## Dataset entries
*****

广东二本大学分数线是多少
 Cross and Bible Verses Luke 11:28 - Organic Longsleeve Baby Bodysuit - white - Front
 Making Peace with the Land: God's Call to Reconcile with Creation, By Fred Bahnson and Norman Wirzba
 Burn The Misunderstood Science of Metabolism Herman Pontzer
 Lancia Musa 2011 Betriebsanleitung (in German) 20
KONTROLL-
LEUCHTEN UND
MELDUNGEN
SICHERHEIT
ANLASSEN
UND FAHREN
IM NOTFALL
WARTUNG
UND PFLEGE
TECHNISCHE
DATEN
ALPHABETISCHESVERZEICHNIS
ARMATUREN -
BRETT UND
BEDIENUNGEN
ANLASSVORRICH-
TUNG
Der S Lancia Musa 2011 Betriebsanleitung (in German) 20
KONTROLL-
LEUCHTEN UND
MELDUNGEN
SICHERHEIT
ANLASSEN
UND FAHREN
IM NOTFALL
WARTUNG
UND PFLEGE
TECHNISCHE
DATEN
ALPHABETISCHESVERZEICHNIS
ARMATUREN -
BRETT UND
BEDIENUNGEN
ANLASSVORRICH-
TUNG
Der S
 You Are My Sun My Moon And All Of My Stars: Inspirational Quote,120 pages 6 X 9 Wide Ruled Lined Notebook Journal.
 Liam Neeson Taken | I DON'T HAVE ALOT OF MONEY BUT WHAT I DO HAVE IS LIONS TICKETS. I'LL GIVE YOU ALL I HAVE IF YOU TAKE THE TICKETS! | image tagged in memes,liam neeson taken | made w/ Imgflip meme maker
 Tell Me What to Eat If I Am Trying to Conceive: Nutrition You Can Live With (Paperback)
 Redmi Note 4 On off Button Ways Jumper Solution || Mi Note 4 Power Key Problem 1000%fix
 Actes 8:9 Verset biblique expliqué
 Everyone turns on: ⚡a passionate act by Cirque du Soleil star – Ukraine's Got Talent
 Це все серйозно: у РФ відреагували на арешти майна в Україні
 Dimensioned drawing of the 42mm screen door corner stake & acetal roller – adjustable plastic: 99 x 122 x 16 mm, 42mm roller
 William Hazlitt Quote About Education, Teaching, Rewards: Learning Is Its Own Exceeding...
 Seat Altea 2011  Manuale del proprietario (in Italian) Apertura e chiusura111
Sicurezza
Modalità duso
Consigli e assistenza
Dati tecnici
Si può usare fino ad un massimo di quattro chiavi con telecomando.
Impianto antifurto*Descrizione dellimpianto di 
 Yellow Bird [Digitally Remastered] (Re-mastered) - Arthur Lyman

*****

## Instructions to follow
Count the lines above with the string "Musa"; report only that figure.

## Result below
2